In 2014, WIDA convened a meeting with representatives from state and local education agencies, American Indian communities, and researchers to explore opportunities for research that would support WIDA member states in better serving American Indian English learners. This meeting led to the formation of the American Indian English Learner Research Alliance which aims to initiate research to advance the linguistic, cultural, and academic proficiency of American Indian students. One of Rosalie’s key collaborators in carrying forward the Alliance’s work is Jacob Tsotigh (Legislator, Kiowa Tribe, Oklahoma).

Rosalie and her collaborators take a multifaceted approach as they work in complex, multilingual, multicultural and multinational contexts. To do this research the Alliance established four principles that underpin their research projects:

  1. Respecting Native cultures and languages
  2. Respecting sovereignty and self-determination of Tribal nations
  3. Fostering relationships with Tribal leaders and communities, such that American Indians are involved directly in leading, designing, conducting, and disseminating the research
  4. Responding to the needs expressed by American Indians and leading to actionable outcomes for students, tribes, parents, communities, teachers, other educators and policymakers.

Rosalie is also active with Merging Pathways: Cultural and Linguistic Considerations for American Indian Students in Schools, a project led by Dr. Cynthia Lundgren (WIDA) and informed by key collaborators Dr. Daisy Thompson and Phil Farson (Albuquerque Public Schools).  This project is conducted by Indian Education teachers in Albuquerque Public Schools, New Mexico, which serves 7,000 Native students with over 100 heritage language backgrounds. Their goal is to support the development of students’ academic English language literacy (reading and writing) in common academic genres (narrate, inform, argue, explain) using American Indian culture-based practices and materials. The project is critical for fostering students’ academic achievement, and for providing teachers with concrete tools with which to integrate students’ cultural and linguistic backgrounds into curricula and teaching practices.
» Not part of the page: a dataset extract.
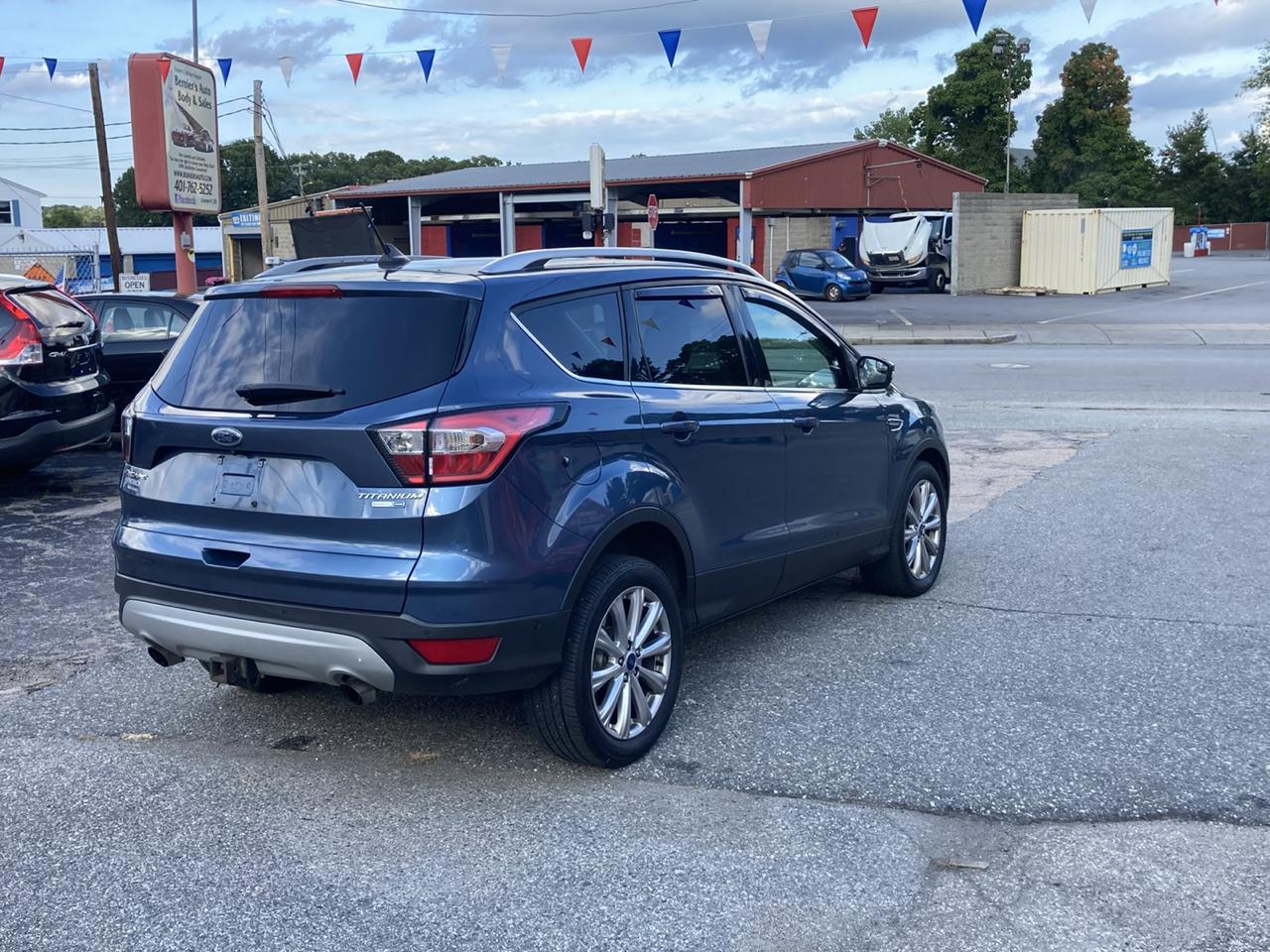 Ford Escape Titanium 4WD 2018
In another project, Alaska Native educators in the Lower Kuskokwim School District, Central Alaska, are developing a PreK-6 test for their heritage language, Yugtun - the language of the Yup’ik people. Rosalie and WIDA colleagues are providing technical support to the District’s Expert Group of Yup’ik educators developing the test, and to Gayle Miller (Yup’ik Curriculum Design) to ensure the test is valid and reliable. The District’s previous Yugtun language test, a translation from an English test, vaguely exposed students to the purpose, meaning or structures of the Yugtun language or Yup’ik culture. A unique feature of the new Yugtun Proficiency Test is a sub-test, Yup’ik Cultural Language, which assesses students’ understanding of the Yup’ik worldview and Yup’ik non-verbal communications, both critical for surviving in remote areas of Alaska.

The aforementioned projects provide a foundation for WIDA researchers to support education providers wishing to investigate critical features of academic English language programs that support Native students’ heritage language development in multicultural, multilingual and multinational contexts.

American Indians are a complex and diverse population. WIDA uses the term American Indian inclusively, that is, to refer to American Indian, Alaska Native and Native Hawaiian peoples.